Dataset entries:
★ ★ ★

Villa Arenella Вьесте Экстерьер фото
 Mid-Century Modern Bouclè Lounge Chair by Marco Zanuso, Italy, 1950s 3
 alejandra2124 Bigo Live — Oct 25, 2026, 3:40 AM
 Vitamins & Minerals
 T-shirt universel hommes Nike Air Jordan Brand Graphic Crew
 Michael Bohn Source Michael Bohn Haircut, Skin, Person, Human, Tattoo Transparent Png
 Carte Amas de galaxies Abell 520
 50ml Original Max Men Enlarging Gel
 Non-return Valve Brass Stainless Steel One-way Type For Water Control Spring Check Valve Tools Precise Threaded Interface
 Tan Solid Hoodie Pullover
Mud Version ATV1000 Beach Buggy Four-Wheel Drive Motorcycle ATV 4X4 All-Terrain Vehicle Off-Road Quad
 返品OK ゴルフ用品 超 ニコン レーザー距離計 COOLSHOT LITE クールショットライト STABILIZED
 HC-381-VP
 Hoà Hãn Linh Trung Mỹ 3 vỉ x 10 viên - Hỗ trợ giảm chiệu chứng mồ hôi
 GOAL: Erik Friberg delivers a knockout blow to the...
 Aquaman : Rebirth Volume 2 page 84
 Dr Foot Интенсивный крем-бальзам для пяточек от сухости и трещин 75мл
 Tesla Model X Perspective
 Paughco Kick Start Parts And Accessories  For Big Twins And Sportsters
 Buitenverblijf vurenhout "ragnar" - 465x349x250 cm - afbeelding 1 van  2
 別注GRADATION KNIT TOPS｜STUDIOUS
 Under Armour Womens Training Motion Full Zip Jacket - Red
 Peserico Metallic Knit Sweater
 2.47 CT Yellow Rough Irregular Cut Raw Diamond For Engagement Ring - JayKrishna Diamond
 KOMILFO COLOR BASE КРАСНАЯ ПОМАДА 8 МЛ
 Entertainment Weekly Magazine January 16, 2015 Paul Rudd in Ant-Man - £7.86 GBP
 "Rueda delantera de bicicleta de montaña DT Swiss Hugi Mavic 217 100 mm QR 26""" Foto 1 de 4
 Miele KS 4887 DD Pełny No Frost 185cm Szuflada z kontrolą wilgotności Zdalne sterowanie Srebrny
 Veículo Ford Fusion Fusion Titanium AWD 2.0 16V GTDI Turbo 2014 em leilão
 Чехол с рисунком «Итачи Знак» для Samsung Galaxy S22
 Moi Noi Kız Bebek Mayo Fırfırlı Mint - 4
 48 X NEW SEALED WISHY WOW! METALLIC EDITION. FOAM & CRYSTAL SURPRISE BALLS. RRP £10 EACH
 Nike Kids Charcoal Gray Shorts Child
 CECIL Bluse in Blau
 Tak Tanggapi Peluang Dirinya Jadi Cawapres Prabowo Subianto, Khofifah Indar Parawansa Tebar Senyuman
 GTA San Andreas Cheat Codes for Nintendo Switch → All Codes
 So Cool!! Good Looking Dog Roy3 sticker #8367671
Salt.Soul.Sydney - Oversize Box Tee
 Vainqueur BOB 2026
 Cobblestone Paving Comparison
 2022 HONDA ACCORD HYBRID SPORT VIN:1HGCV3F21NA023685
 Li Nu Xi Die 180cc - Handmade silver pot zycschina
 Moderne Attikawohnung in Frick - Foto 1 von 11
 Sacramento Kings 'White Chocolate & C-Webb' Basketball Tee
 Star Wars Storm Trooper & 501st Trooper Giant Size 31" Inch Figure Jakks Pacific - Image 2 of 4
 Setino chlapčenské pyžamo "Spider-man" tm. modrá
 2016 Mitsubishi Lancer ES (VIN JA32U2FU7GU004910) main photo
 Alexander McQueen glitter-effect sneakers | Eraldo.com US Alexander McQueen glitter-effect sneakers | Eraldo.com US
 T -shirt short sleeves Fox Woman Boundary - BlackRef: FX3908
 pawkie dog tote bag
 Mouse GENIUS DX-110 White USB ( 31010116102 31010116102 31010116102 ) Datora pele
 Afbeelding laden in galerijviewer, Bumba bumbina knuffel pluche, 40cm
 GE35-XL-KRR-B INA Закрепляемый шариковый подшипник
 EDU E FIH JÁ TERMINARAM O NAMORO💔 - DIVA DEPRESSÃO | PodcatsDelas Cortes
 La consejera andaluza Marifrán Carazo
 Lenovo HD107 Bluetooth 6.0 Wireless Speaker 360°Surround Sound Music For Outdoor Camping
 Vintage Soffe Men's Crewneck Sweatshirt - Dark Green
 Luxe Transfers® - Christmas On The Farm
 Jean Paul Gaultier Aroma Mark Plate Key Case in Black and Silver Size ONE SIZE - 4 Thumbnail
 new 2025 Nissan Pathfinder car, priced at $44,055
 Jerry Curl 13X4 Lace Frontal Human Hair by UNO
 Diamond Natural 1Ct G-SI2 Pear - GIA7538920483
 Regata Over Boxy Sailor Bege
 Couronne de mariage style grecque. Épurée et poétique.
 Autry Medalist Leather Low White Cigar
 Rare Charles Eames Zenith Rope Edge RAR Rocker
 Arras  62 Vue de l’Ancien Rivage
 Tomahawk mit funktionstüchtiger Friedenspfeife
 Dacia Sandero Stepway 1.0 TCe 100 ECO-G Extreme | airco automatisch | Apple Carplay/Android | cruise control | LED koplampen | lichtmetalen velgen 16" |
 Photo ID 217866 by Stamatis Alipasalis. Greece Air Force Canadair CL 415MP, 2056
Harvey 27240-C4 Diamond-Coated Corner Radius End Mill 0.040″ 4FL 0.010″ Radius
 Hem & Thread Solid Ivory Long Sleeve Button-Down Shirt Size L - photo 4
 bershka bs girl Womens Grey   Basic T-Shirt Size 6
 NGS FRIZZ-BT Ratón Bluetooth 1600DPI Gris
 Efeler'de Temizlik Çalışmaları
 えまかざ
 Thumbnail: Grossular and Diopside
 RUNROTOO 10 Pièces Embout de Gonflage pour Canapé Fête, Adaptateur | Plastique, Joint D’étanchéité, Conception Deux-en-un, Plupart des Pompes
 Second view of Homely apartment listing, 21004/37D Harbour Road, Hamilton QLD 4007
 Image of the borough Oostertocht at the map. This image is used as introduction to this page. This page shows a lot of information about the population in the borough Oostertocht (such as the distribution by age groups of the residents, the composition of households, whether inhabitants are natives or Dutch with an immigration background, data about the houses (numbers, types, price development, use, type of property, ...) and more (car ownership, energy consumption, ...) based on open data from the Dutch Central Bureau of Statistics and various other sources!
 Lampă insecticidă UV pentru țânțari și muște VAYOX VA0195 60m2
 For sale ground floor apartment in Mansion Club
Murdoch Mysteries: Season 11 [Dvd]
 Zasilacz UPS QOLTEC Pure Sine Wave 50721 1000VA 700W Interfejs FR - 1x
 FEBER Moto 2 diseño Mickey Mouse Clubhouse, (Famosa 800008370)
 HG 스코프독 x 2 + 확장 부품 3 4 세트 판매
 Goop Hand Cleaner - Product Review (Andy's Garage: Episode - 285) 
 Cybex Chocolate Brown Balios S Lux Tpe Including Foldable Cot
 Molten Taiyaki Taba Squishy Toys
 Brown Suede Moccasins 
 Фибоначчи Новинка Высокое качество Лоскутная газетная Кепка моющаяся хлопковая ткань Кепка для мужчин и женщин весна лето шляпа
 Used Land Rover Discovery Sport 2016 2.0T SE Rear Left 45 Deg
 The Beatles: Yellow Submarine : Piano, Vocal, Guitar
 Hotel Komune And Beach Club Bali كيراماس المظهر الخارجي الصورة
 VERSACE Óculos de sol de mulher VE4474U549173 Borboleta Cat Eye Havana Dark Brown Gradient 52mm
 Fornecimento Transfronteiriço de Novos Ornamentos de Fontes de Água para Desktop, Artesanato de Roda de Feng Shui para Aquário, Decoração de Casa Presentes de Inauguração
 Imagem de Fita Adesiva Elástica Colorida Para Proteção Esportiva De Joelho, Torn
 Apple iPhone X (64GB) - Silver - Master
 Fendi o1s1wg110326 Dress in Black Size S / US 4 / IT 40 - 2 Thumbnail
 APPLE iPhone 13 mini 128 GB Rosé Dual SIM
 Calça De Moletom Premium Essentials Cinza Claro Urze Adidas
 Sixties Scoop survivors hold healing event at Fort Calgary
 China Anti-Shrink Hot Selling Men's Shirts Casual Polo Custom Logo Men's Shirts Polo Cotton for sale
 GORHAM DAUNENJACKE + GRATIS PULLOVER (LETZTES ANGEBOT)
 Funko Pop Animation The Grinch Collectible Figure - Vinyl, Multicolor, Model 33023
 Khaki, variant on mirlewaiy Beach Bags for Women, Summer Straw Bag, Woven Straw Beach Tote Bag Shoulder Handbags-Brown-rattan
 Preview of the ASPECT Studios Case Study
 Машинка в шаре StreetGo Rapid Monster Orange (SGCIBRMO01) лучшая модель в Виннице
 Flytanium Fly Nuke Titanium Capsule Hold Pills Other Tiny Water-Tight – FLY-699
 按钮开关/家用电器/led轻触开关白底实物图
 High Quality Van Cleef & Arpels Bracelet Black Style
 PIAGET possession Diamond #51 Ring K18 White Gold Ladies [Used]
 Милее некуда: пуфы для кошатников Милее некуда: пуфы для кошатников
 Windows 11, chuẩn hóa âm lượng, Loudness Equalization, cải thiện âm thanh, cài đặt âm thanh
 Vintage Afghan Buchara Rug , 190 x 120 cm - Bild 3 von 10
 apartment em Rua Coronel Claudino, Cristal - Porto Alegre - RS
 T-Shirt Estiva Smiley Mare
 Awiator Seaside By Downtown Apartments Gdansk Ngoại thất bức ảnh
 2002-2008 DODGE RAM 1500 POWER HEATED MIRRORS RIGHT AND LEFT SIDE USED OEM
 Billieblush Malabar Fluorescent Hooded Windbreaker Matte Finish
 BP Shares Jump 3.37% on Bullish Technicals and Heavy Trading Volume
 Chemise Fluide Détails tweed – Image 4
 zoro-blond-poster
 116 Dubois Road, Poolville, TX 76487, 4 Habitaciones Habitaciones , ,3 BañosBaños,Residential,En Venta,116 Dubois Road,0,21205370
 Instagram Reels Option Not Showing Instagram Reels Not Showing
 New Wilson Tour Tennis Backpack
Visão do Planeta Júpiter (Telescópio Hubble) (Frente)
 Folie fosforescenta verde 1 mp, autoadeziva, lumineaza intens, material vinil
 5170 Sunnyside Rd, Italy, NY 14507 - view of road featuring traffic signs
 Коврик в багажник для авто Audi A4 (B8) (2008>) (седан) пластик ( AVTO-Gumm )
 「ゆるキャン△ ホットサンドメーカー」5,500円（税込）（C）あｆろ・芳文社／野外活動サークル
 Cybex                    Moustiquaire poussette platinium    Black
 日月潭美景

★ ★ ★

TASK STATEMENT =>
Lines holding the word "White" should be counted across the entries; state only how many there are.

RESPONSE TO THE EXERCISE =>
4